That last touch is a nod to Ben’s mistrust of an outside world that, by his lights, is fatally commercialized, hypocritical and lazy.

Written and directed by Matt Ross – familiar to most viewers as an actor in such TV shows as “Silicon Valley” and “American Horror Story” – “Captain Fantastic” vividly captures Ben’s overpowering influence on his children, who can’t help but come under his implacably demanding spell: When one of his daughters describes Lolita as “interesting,” he lights into her, accusing her of using a “non-word” and insisting that she provide a more nuanced, sophisticated literary analysis. Later, during the family’s annual celebration of Noam Chomsky Day, he gives his 6-year-old son a copy of The Joy of Sex.

It goes without saying that, for all his efforts to instill self-reliance and fearlessness into his kids, Ben can be a sanctimonious pain and – more dangerously – prone to overlook the risk his survivalist lessons entail. That dualism lies at the heart of “Captain Fantastic,” wherein Bodevan and his brother Rellian begin to chafe against their father’s didacticism, and a family crisis sends the whole clan on an antic bus trip to New Mexico.

It’s during that journey – punctuated by visits to Ben’s sister and brother-in-law and a stay with his wife’s parents – that Ben and the children realize just how alienated they’ve become while living in Walden, and the rest of the world has gone Walmart.

“Captain Fantastic” joins a small canon of films dedicated to American off-the-gridders, from Sean Penn’s masterful “Into the Wild” to Rebecca Miller’s “The Ballad of Jack and Rose” and Campbell Scott’s “Off the Map.” It’s of a piece with adventure tales set in magnificent wild spaces this summer, from “Hunt for the Wilderpeople” to “Swiss Army Man.”

Working with a terrific ensemble of attractive young actors, Ross delivers a nuanced, lived-in, frequently very amusing contribution to an oeuvre that, at a time of discontent with the political and economic status quo, feels perfect both in its timing and its affectionately skeptical tone.
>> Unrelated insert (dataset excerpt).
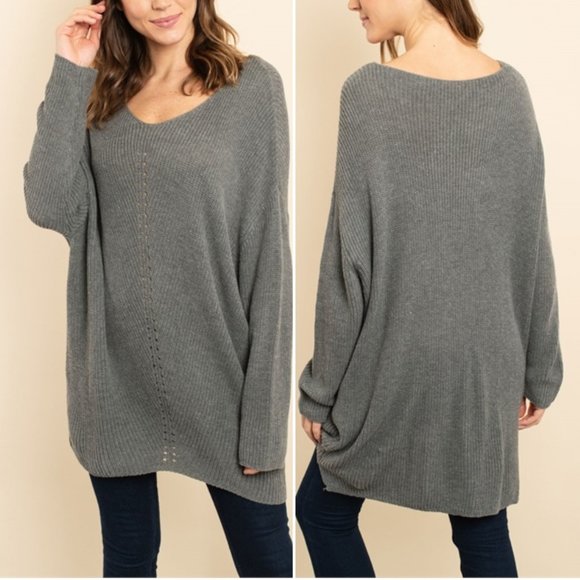 Trend Setter Diva Boutique Sweaters - Grey tunic sweater top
Just as valuably, he has provided a superb showcase for Mortensen’s particular gifts as an actor of exceptional physical beauty and sensitivity. As easy as it is for him to slip effortlessly into Ben’s most seductive qualities, he proves just as willing to embrace the character’s darker, more narcissistic shadow material.

As is so often the case with even the best movies, “Captain Fantastic” falters just a bit as it moves toward an ending that the filmmaker can’t seem to bring himself to tighten up. It goes mushy just where a bit of Ben’s own ruthlessness would have been welcome. But even with that hiccup, “Captain Fantastic” leaves viewers with the cheering, deeply affecting image of a dad whose superpowers lie in simply doing the best that he can.